PyNNDescentTransformer for fast approximate nearest neighbor transformer. It uses the NNDescent algorithm, and is thus very flexible and supports a wide variety of distances, including non-metric distances. NNDescent also scales well against high dimensional graph_data in many cases.

Transform X into a (weighted) graph of k nearest neighbors

The transformed graph_data is a sparse graph as returned by kneighbors_graph.

Parameters

n_neighbors: int (optional, default=5)

The number of neighbors to use in k-neighbor graph graph_data structure used for fast approximate nearest neighbor search. Larger values will result in more accurate search results at the cost of computation time.

metric: string or callable (optional, default=’euclidean’)

The metric to use for computing nearest neighbors. If a callable is used it must be a numba njit compiled function. Supported metrics include:

• euclidean

• manhattan

• chebyshev

• minkowski

• canberra

• braycurtis

• mahalanobis

• wminkowski

• seuclidean

• cosine

• correlation

• haversine

• hamming

• jaccard

• dice

• russelrao

• kulsinski

• rogerstanimoto

• sokalmichener

• sokalsneath

• yule

• hellinger

• wasserstein-1d

Metrics that take arguments (such as minkowski, mahalanobis etc.) can have arguments passed via the metric_kwds dictionary. At this time care must be taken and dictionary elements must be ordered appropriately; this will hopefully be fixed in the future.

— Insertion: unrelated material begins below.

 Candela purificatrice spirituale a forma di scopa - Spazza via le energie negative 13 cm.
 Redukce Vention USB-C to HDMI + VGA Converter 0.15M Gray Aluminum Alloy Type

metric_kwds: dict (optional, default {})

Arguments to pass on to the metric, such as the p value for Minkowski distance.

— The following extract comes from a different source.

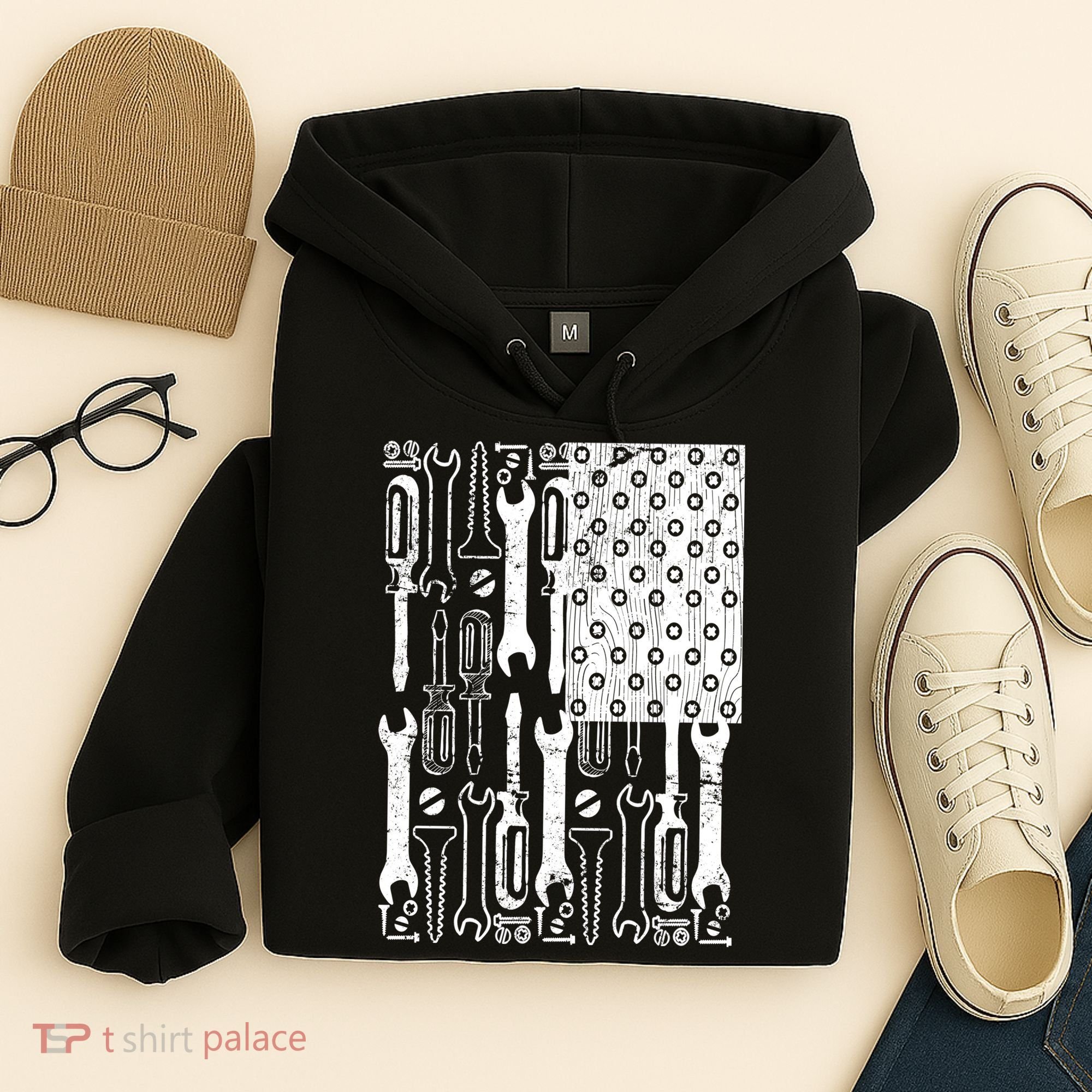 Tool American flag Mechanic Hoodie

n_trees: int (optional, default=None)

This implementation uses random projection forests for initialization of searches. This parameter controls the number of trees in that forest. A larger number will result in more accurate neighbor computation at the cost of performance. The default of None means a value will be chosen based on the size of the graph_data.

leaf_size: int (optional, default=None)

The maximum number of points in a leaf for the random projection trees. The default of None means a value will be chosen based on n_neighbors.

pruning_degree_multiplier: float (optional, default=1.5)

How aggressively to prune the graph. Since the search graph is undirected (and thus includes nearest neighbors and reverse nearest neighbors) vertices can have very high degree – the graph will be pruned such that no vertex has degree greater than pruning_degree_multiplier * n_neighbors.

diversify_prob: float (optional, default=1.0)

The search graph get “diversified” by removing potentially unnecessary edges. This controls the volume of edges removed. A value of 0.0 ensures that no edges get removed, and larger values result in significantly more aggressive edge removal. A value of 1.0 will prune all edges that it can.

n_search_trees: int (optional, default=1)

The number of random projection trees to use in initializing searching or querying.

Deprecated since version 0.5.5.

search_epsilon: float (optional, default=0.1)

When searching for nearest neighbors of a query point this values controls the trade-off between accuracy and search cost. Larger values produce more accurate nearest neighbor results at larger computational cost for the search. Values should be in the range 0.0 to 0.5, but should probably not exceed 0.3 without good reason.

tree_init: bool (optional, default=True)

Whether to use random projection trees for initialization.

random_state: int, RandomState instance or None, optional (default: None)

If int, random_state is the seed used by the random number generator; If RandomState instance, random_state is the random number generator; If None, the random number generator is the RandomState instance used by np.random.

n_jobs: int or None (optional, default=None)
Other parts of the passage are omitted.